Cuma, 20 Cumade’l Ûlâ 1446 | 2024/11/22
Saat: (Medine Saati İle)
Menu
ana menü
ana menü

بسم الله الرحمن الرحيم

Lübnan’da Yaz Saati ve Kış Saati Uygulamaları Otoritenin İflas Ettiğinin, Mezheplerin Devletçiğinin ve Varlığın Güçsüzlüğünün Göstergesidir!

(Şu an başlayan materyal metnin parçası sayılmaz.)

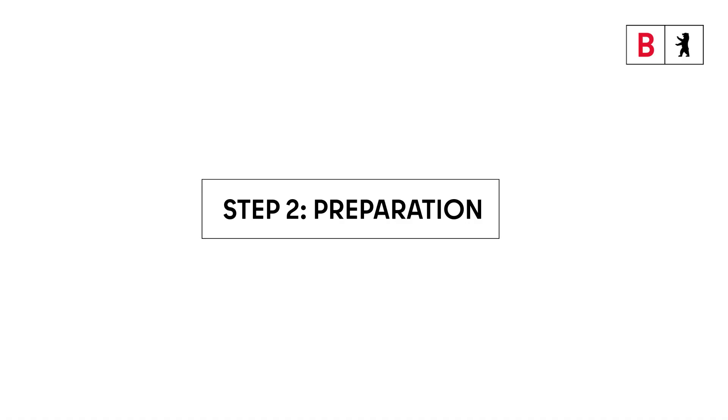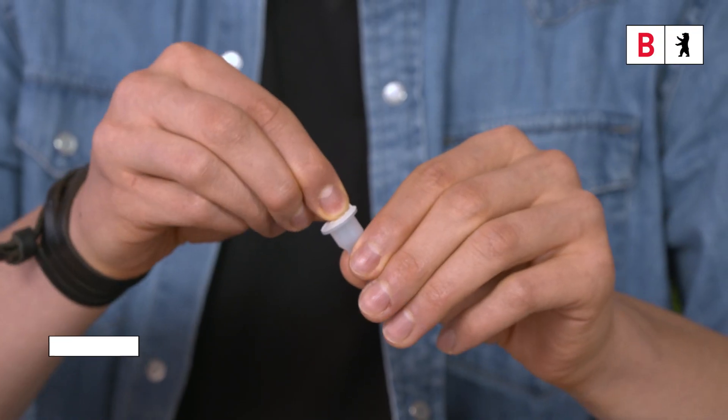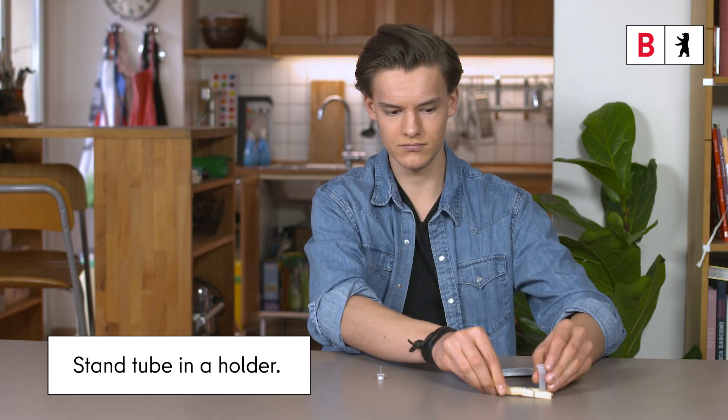Step 2. Preparation. Remove the foil from the tube and place the tube in a holder. The buffer solution is in the tube.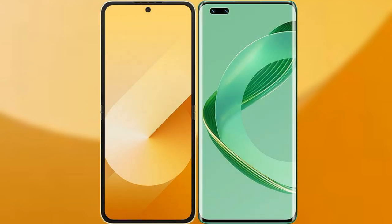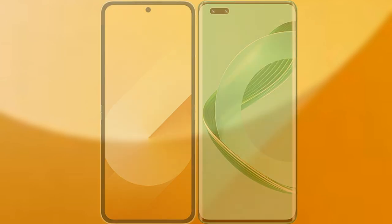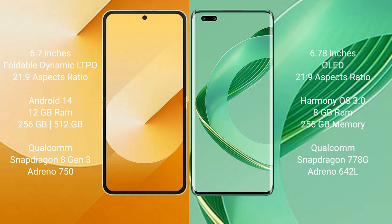I will compare the new Samsung Galaxy Z Flip 6 with the Huawei Nova 11 Pro. The Samsung Galaxy Z Flip 6 comes with a 6.7-inch foldable Dynamic LTPO AMOLED display and an aspect ratio of 21:9. The Huawei Nova 11 Pro features a 6.78-inch OLED display and an aspect ratio of 21:9.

Mübarek Ramazan ayı, dünyada 1,8 milyarı aşkın Müslüman ve Lübnan halkının büyük çoğunluğunun ayıdır. Bu mübarek ayın başlamasıyla birlikte Lübnan’da yaz saatinin uygulamasının ertelenmesi konusu gündeme geldi. İstisnai bir durum olarak bu yıl yaz saati uygulaması her yıl olduğu gibi Mart ayının son haftası yerine Nisan ayının son haftasına ertelendi. Başbakan Necip Mikati ve Meclis Başkanı Nebih Berri, oruç tutan Müslümanları rahatlatmak amacıyla böyle bir uygulamaya gidildiğini iddia etti! Yaz saati uygulamasının ertelendiğini duyurulmasının ve onaylanmasının hemen ardından Lübnan’ın siyasi ve dindar Hıristiyanlar çevrelerde eleştirel sesler yükseldi. Hatta Aounist hareketin lideri Cebran Basil yaz saati uygulamasını kabul edenleri uygar, etmeyenleri de gerici ve yobaz olarak niteledi! Yine yaz saati uygulamasının ertelenmesine karşı çıkan iktidardaki bazı siyasi partiler de, başbakanın kararını ihlal etmek için bakanlıklar üzerindeki kontrollerini kullandılar. Alınan karar günlerce tartışıldıktan sonra 27 Mart 2023 tarihinde konuyu görüşmek üzere Bakanlar Kurulu toplantısı yapıldı. Toplantı sonrası açıklama yapan Mikati, 29-30 Mart Çarşamba’yı Perşembe’ye bağlayan gece tekrar yaz saati uygulamasına geçildiğini duyurdu! Biz burada diyoruz ki:

Birincisi: Başbakan ve Meclis Başkanı’nın yaz saati uygulamasının ertelendiğini duyurup ardından hızla geri adım atılması, iktidarın, yozlaşmış siyasi sınıfın ve partilerin (devlet) yönetiminde başarısız olduklarını, kararlarını bölgesel ve uluslararası siyasi çıkarlara ipotek ettiklerini vurgular. Böyle bir karar alınıp ardından jet hızıyla geri adım atılması, başarısızlığın bir başka tezahürüdür. Ancak burada bunu tartışacak değiliz. Olup bitenler, bu varlığın zayıflığına, etkili ve keskin siyasi kararlar alamadığına ve bağımsız olmadığına işaret etmektedir.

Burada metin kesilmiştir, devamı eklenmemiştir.